▸ PROBLEM DESCRIPTION: The answer must reproduce exactly the lines from the one with "Klinger Bx 154 Gasket Ring 6A-0853" through the end of the material, and it must contain no pictures.

..........

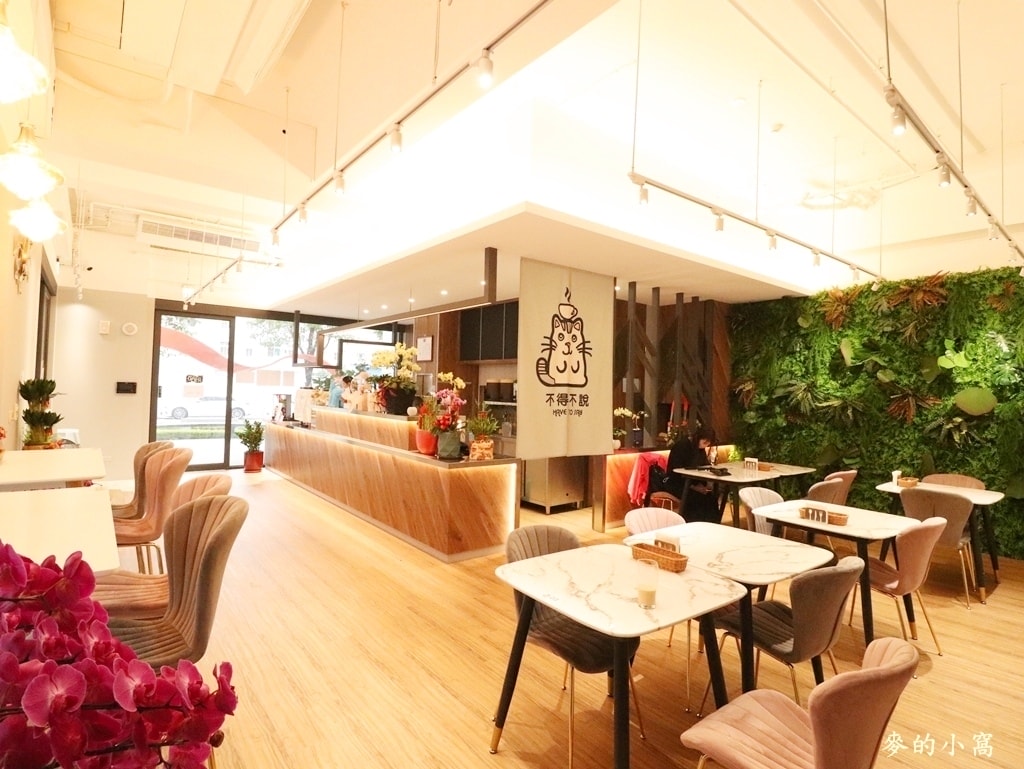 IMG_0024.JPG IMG_0024.JPG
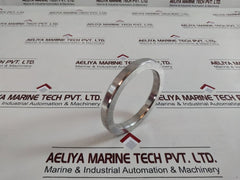 Klinger Bx 154 Gasket Ring 6A-0853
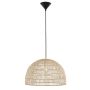Luces Exclusivas OVIEDO LE42131 Suspension lumineuse IP20
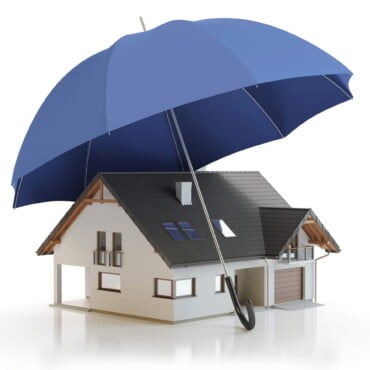 Insurance Roof Replacement Questions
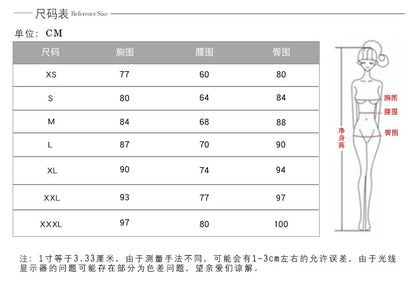 2025 New Elegant Evening Wedding Party Formal Dress Festa Mermaid Ball Gown For Hosts At Banquets And Annual Meetings Gala Gowns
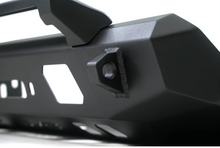 Load image into Gallery viewer, DV8 CENTER MOUNT FRONT BUMPER V2 (FOR 2016-2023 TACOMA)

..........

▸ WRITTEN RESPONSE:
 Klinger Bx 154 Gasket Ring 6A-0853
Luces Exclusivas OVIEDO LE42131 Suspension lumineuse IP20
 Insurance Roof Replacement Questions
 2025 New Elegant Evening Wedding Party Formal Dress Festa Mermaid Ball Gown For Hosts At Banquets And Annual Meetings Gala Gowns
 Load image into Gallery viewer, DV8 CENTER MOUNT FRONT BUMPER V2 (FOR 2016-2023 TACOMA)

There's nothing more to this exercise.